Merchant of Venice; v.—2.
"Very likely you cannot see it," Arthur Fenton said, striking in the background of a portrait with vicious roughness. "Women and brutes differ from men in lacking reason; if you were logical you'd see."
"See that you are right in selling your convictions for patronage," Helen returned gravely, ignoring the insult. "Then I am glad I am not logical."
"If you choose to put it that way," he retorted doggedly, "I must still say yes."
It was Friday morning, and Helen was to sail the next day. She had come to Fenton's studio to bid him good-by, knowing that they should have that to say which could not be freely spoken before Edith, and yet not choosing to have him come to her own house without his wife.
"Poverty," he went on aggressively, "is nature's protest against civilization, and still more against art. I am bound to fight nature on her own ground, am I not?"
"If I were a little more orthodox," she replied, "I might quote Scripture upon life's being some thing more than meat. Oh, Arthur, what is the use of all this fencing? All that is asked of you is to be honest; and to be honest the life of an artist in America to-day must be a protest against dominant Philistinism; nobody has ever acknowledged that oftener or more emphatically than you have."

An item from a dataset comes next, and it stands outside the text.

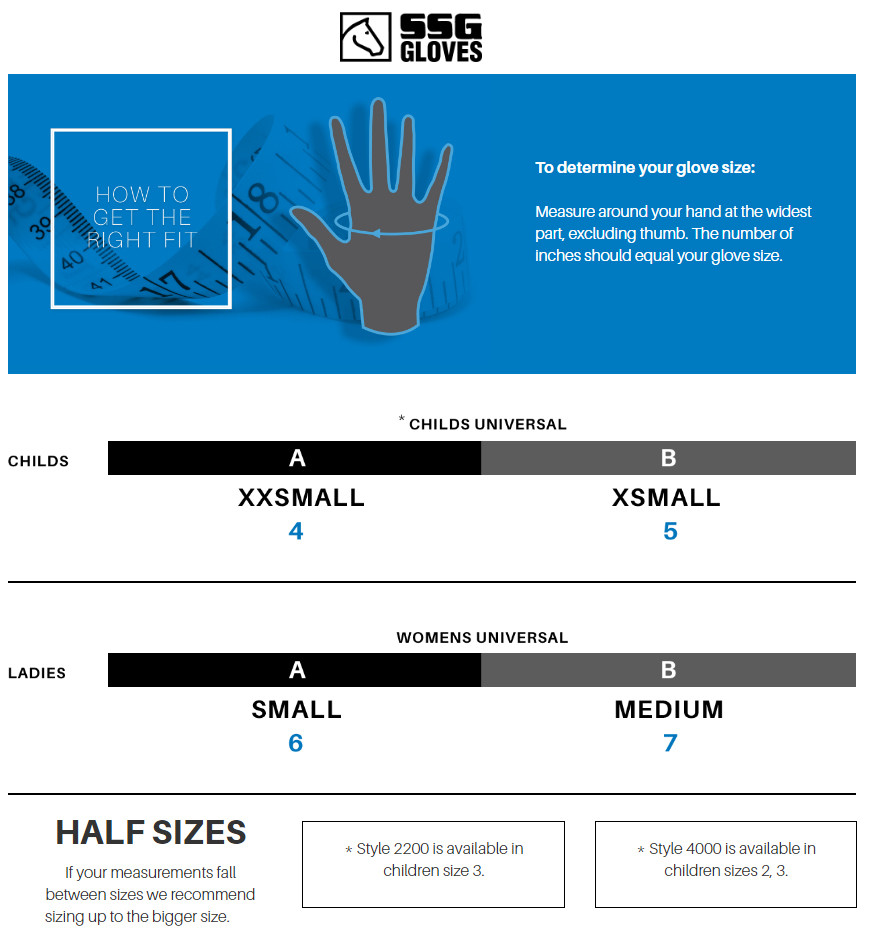 Heritage Riding Gloves Size Chart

"But the artists," returned he, not meeting her eyes, "are too self-centered. Look at the Pagans; what efforts have they ever made to win society? Society is ready enough to take them in."
"Arthur! Is it you who say that? To quote yourself against yourself, 'every work of art is an effort to conquer Philistinism.' Patronage seems already to have sucked the life out of you."
"You may say what you like," Fenton remarked defensively; "you cannot make me angry."